Former APS area superintendent Sharon Davis-Williams is led to a holding cell following her conviction Wednesday on violation of the Racketeer-Influenced and Corrupt Organizations Act. Jurors sorted through roughly five months of testimony against 12 former educators accused of engaging in a racketeering conspiracy to inflate test scores. Eleven of the 12 were convicted. (Atlanta Journal-Constitution, Kent D. Johnson, Pool)

Dobbs Elementary, a poor school in a poor section of southeast Atlanta, pulled off a remarkable turnaround. One year, Dobbs was classified as “failing.” The next, nearly all its students passed state achievement tests.

So much improvement, so fast. For many testing experts, this transformation strained credibility. They wondered: Were Dobbs’ higher scores real? Or did the gains come from systematic cheating?

Dobbs faced these questions in 2001, nearly a decade before the Atlanta Public Schools became a national symbol for academic success through deception. No official investigation took place, and Atlanta’s then-new schools superintendent, Beverly Hall, intimated that skeptics were racist. After a couple of newspaper articles, the matter died out.
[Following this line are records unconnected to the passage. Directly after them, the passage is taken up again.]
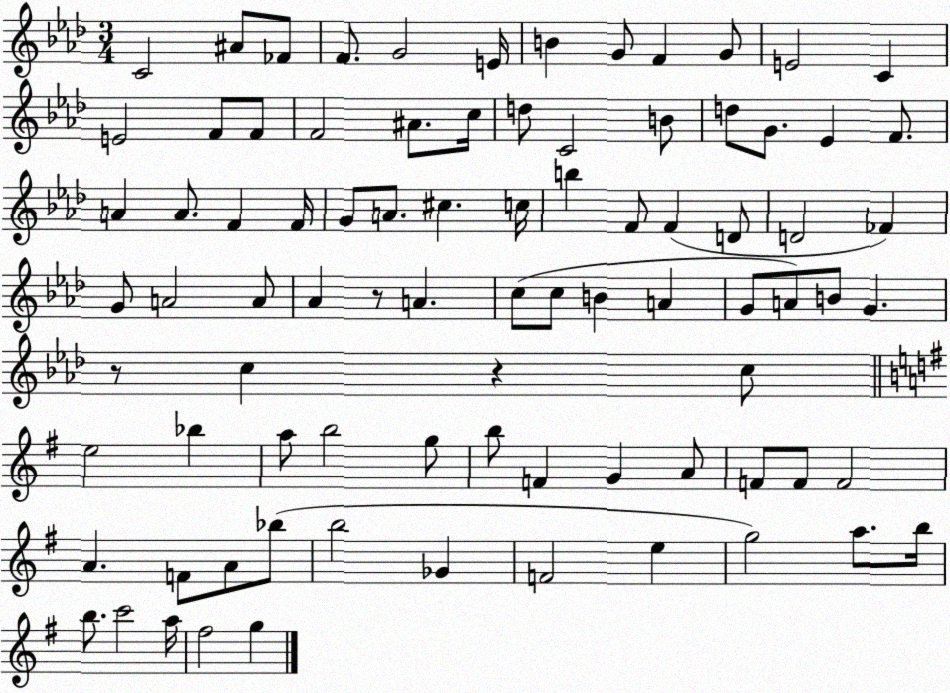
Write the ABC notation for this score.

X:1
T:Untitled
M:3/4
L:1/4
K:Ab
C2 ^A/2 _F/2 F/2 G2 E/4 B G/2 F G/2 E2 C E2 F/2 F/2 F2 ^A/2 c/4 d/2 C2 B/2 d/2 G/2 _E F/2 A A/2 F F/4 G/2 A/2 ^c c/4 b F/2 F D/2 D2 _F G/2 A2 A/2 _A z/2 A c/2 c/2 B A G/2 A/2 B/2 G z/2 c z c/2 e2 _b a/2 b2 g/2 b/2 F G A/2 F/2 F/2 F2 A F/2 A/2 _b/2 b2 _G F2 e g2 a/2 b/4 b/2 c'2 a/4 ^f2 g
But cheating did not. In 2011, state investigators concluded that educators at 44 of Atlanta’s 56 elementary and middle schools, Dobbs among them, had cheated to help students pass Georgia’s standardized achievement test. The investigators blamed Hall for creating a culture so corrupt that lawlessness was inevitable.

The largest school-cheating scandal in U.S. history finally concluded last week when a Fulton County jury found 11 former Atlanta educators guilty of racketeering. Eight of the 11 also were convicted on additional charges, and each defendant could be sentenced to 20 years in prison. The jury acquitted one former educator.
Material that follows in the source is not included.